Tuesday, May 26, 2009

Reposting of Previous Post

I took down a post that talked about my excitement of being a father. Since we loss that child, I took down the post. My sweetie asked me to re-post it because it is about our journey.

Here it is.

Winds of Change by Doug
It has been awhile since I have updated my blog. I wanted to write that a lot has happened since I last wrote. In fact, very little has happen but that little is really big.
I found out that I am going to be a father. The feelings I had at the time were strange. I thought that I was suppose to jump up and down screaming, "Way to go boys! You did it!" I was so many things all at once it is hard to describe.
Being a father is something I always wanted and knew I would become some day. I never knew the date, time, year, century. Apparently, it start March 29, 2009. Who would have guessed that we would have a black president, camp would close its doors, and I would be a father. Two positives are pretty good.
Here is the deal: It scares me silly to think that I am going to be a father. My own father is nothing to really write about in this blog at this point. Let's just say that I appreciate his involvment in bringing me into this world. My one and only goal is to be the best possible father to this child. "Sprout" is in for a wild and crazy ride. I am sure that any man out there that has ever thought about be a father will want to be the best father. In reality, I want our child to look at me and say, "You done good Dad." Wow. "Dad." It is weird to write.
Big Daddy Doug.
Papa D.
The thought of someone looking at me like my Sweetie does makes my leg weak.
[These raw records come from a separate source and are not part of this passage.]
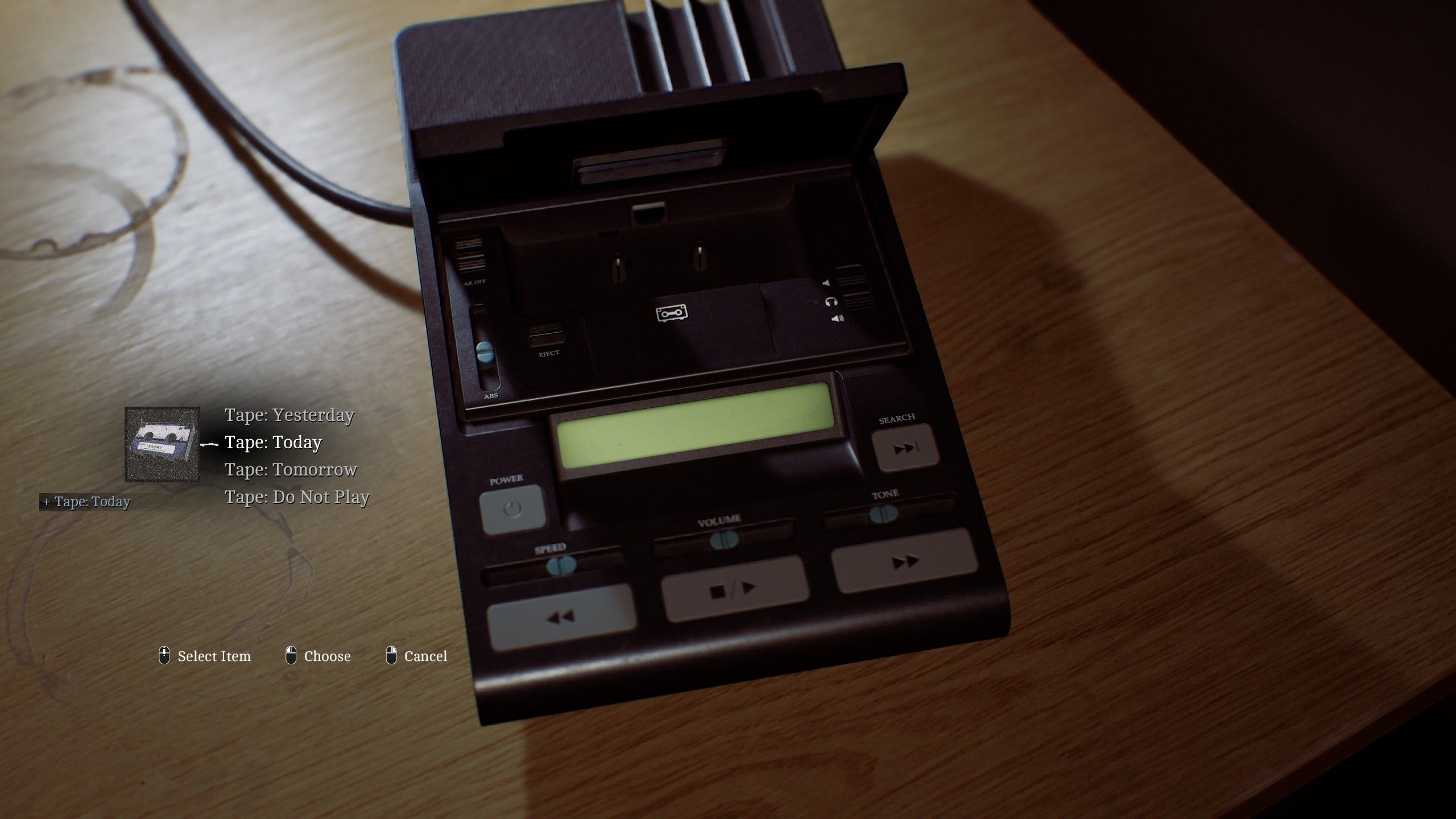 Upper Brae Tape Puzzle - Silent Hill Townfall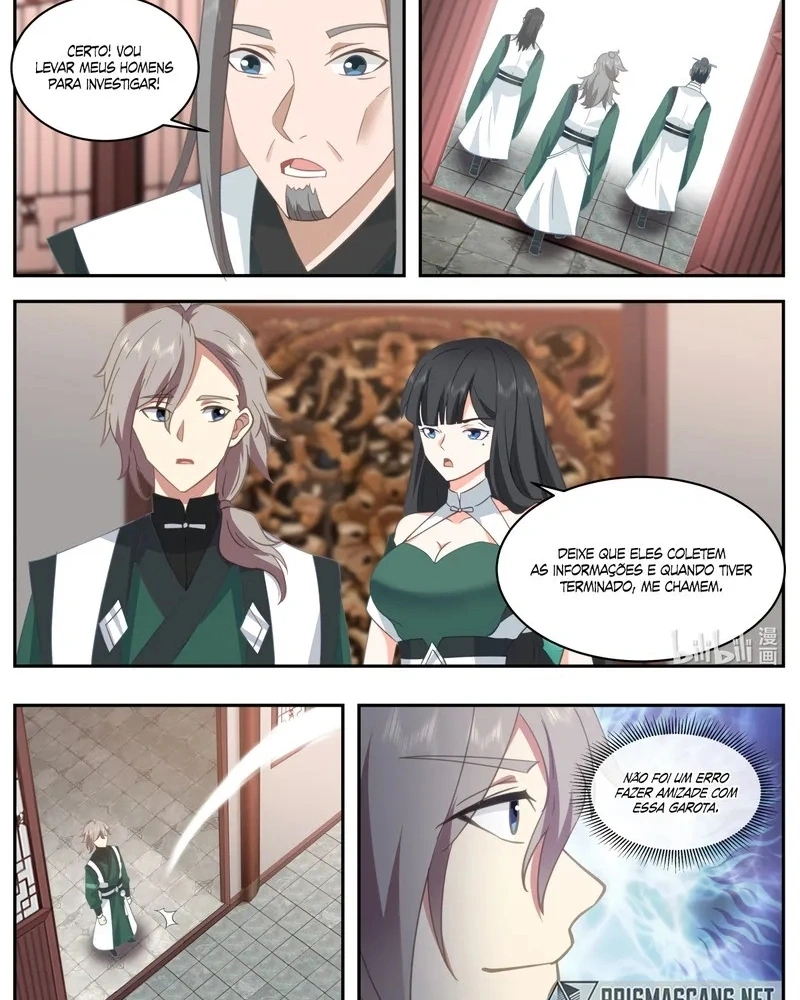 Read Martial God Asura PT Manga Online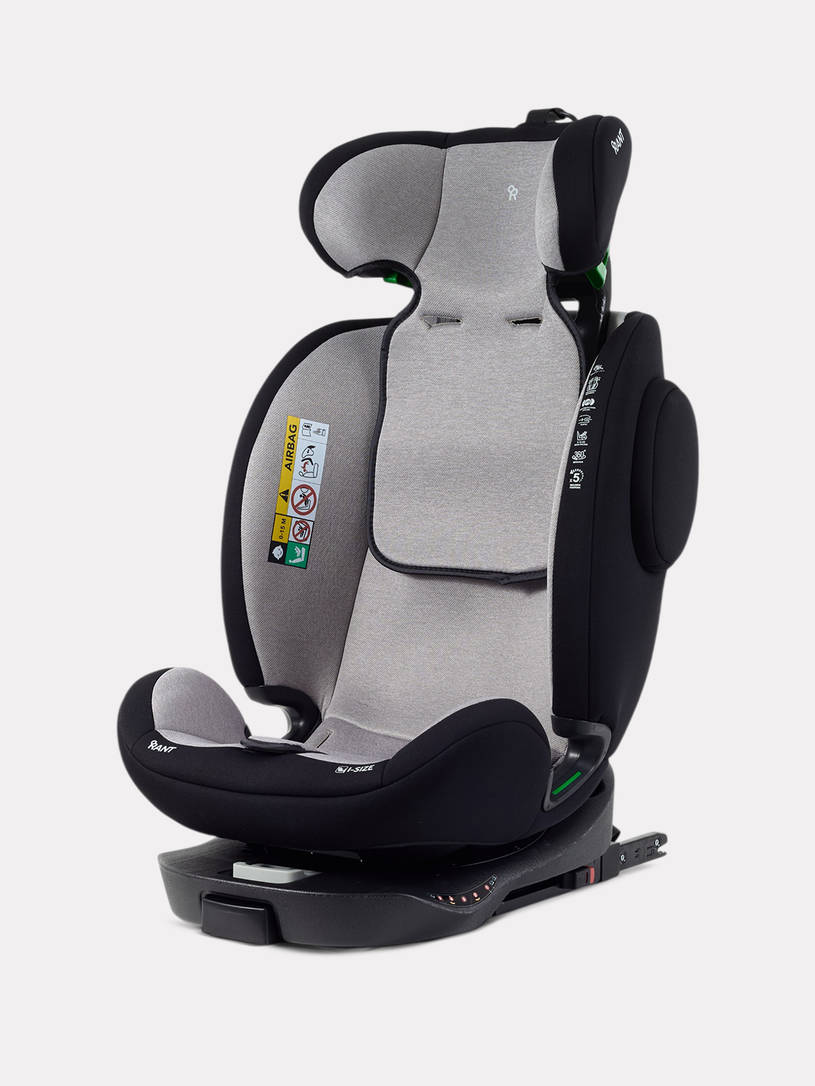 Автокресло Rant Basic Dynamic (40-150 см) Grey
There are a lot of changes coming down the road. There are things I need to change about myself, not because of the new addition to the family. I don't want to hang my decisions on that. It does influence my changes but it is not the reason. The reason is that it has be a long time coming.

Oh. The personal statement is just about finished and I want to send it off soon along with the rest of the application. I am leaning toward maybe a spring start. We will see. Thank you for reading and helping with the editing.

Peace and Love to my Sweetie and Sprout

Of Loss and Determination

It has been awhile since I posted anything. Since my last post much has happened. Here it goes.

Unfortunately, we lost our "sprout." We have tried for over a year. I understand others have tried for a long time. Much longer than one year. I was really excited about having a child. I am still excited about having a child.

I feel like should write down my feelings on losing a child.

It was hard. Not the kind of hard that is struggling to complete something or working to achieve a goal. It was a true sense of loss. The image of having something living in a person that will someday walk and talk was both amazing and frightening at the same time. I saw the little heart beating. I wanted to see more. I wanted to watch my sweetie's stomach grow. I wanted to be a father.

The day we found out was horrible. I felt saddened for my sweetie. Actually, saddened is too soft of a word. The actual emotion can not be written or really expressed. We wanted this so much. I told almost everyone I knew. You are not supposed to tell people until after the first trimester but it was exciting. My first child. I wanted to shared and express my excitement.

After about a week or so, I had to move move on. Focus on the future. Try again. Of course, the "what ifs" popped up. What if this happens again? What if this is not meant to happen? What if we are too late? The answer came to me quickly and without hesitation, "TRY AGAIN!"

It has been about 3 weeks since we found out about our loss. I will miss Sprout. I will always remember the heart beat. I will always remember the look on my sweetie's face when we found out. We will be there again.